---- Provided records

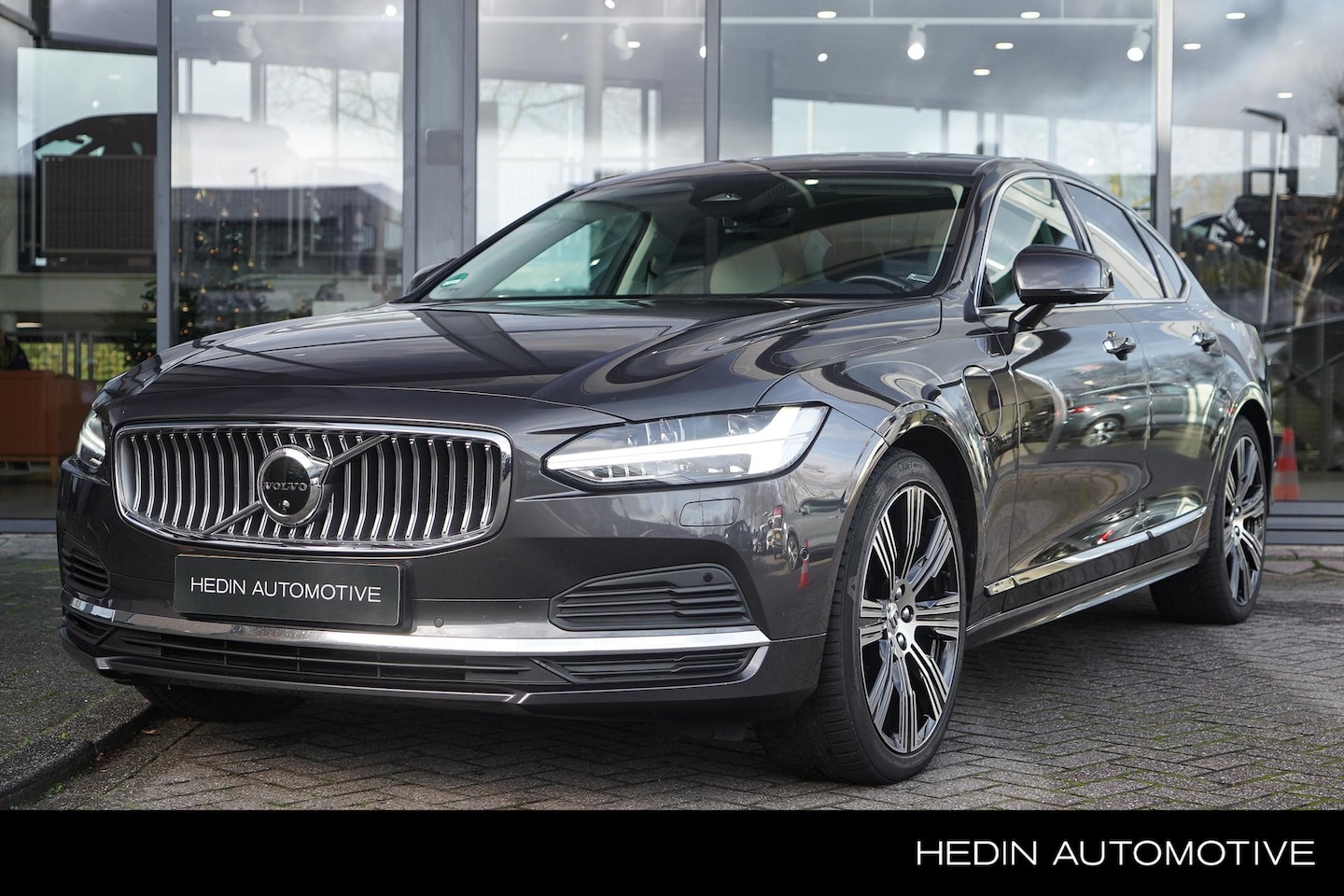 Volvo S90 - 2.0 T8 AWD Inscription | Lederen bekleding + stoelkoeling en verwarming | 2100 kg trekgewi - AutoWereld.nl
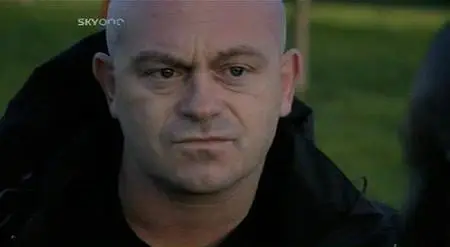 Ross Kemp on Gangs Part Eight LONDON (Special Episode) 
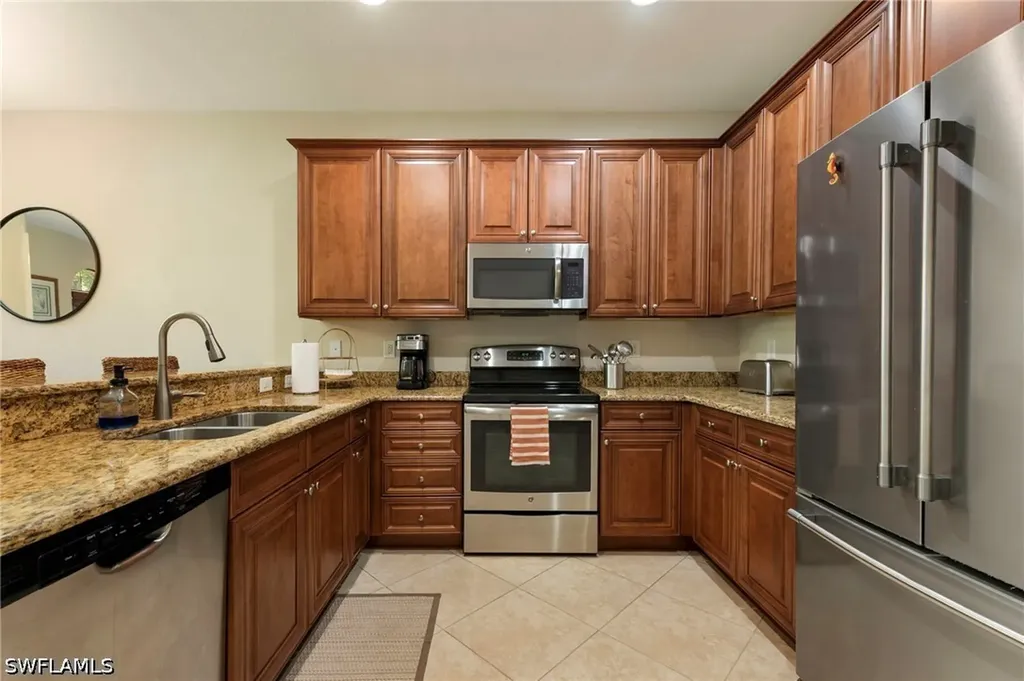 9066 Albion Lane N Naples FL 34113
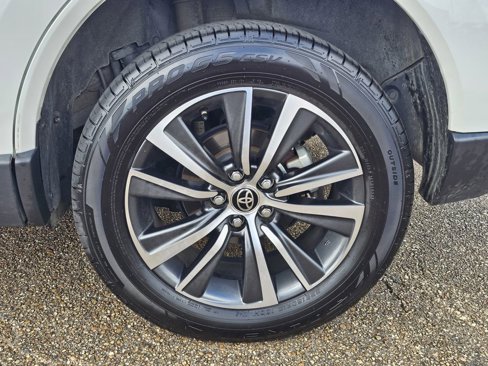 Used 2021 Toyota Venza LE w/ Carpet Mat Package (TMS) image 30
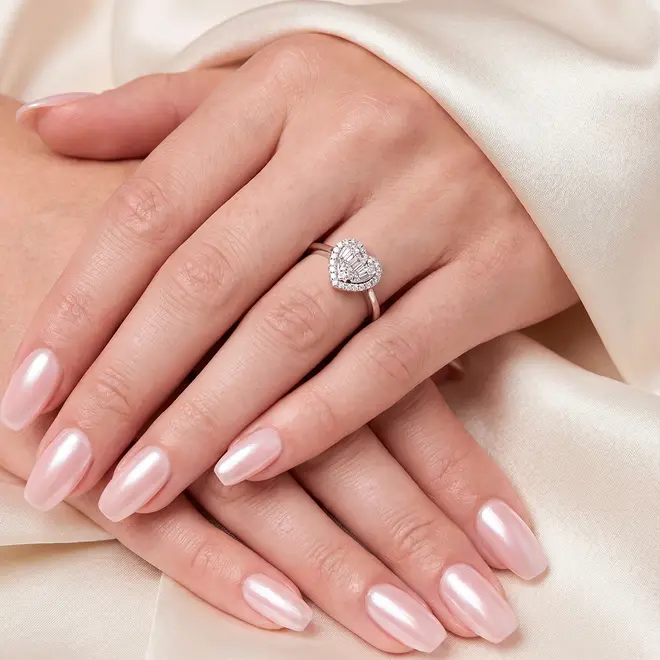Anel Trabalhado Coração de Ouro Branco com Diamantes Totalizando 80 Pts.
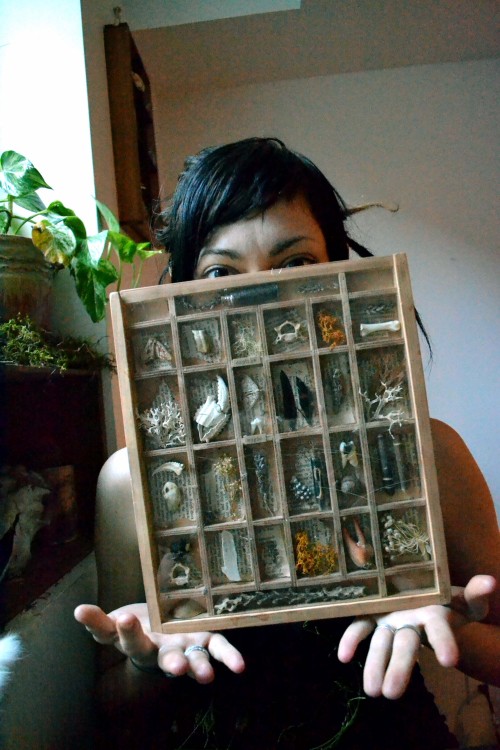 forestferncreations:  amslammin:  wolftea:  A little box filled with various finding I’ve made while with my husband… created after about a year or so of being together this little case included lichens from our woodland adventures, claws from our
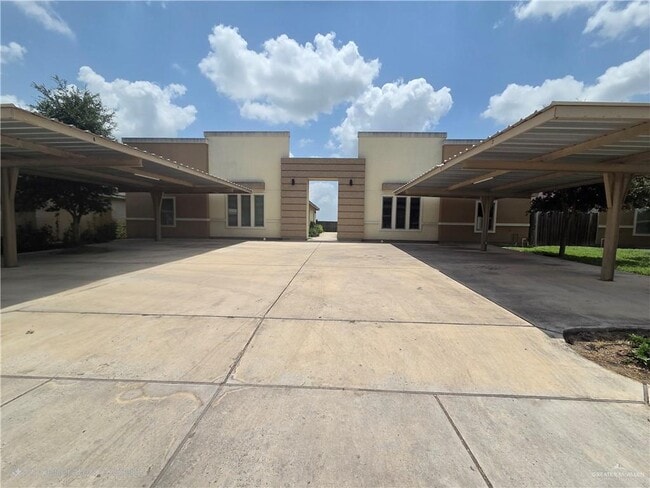 property at 2010 Garden Ridge Dr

--------

What to work on
What is needed here is an exact copy of the lines from the line containing "claws from our" through the end of the records, with every picture left out.

Task solution
 forestferncreations:  amslammin:  wolftea:  A little box filled with various finding I’ve made while with my husband… created after about a year or so of being together this little case included lichens from our woodland adventures, claws from our
 property at 2010 Garden Ridge Dr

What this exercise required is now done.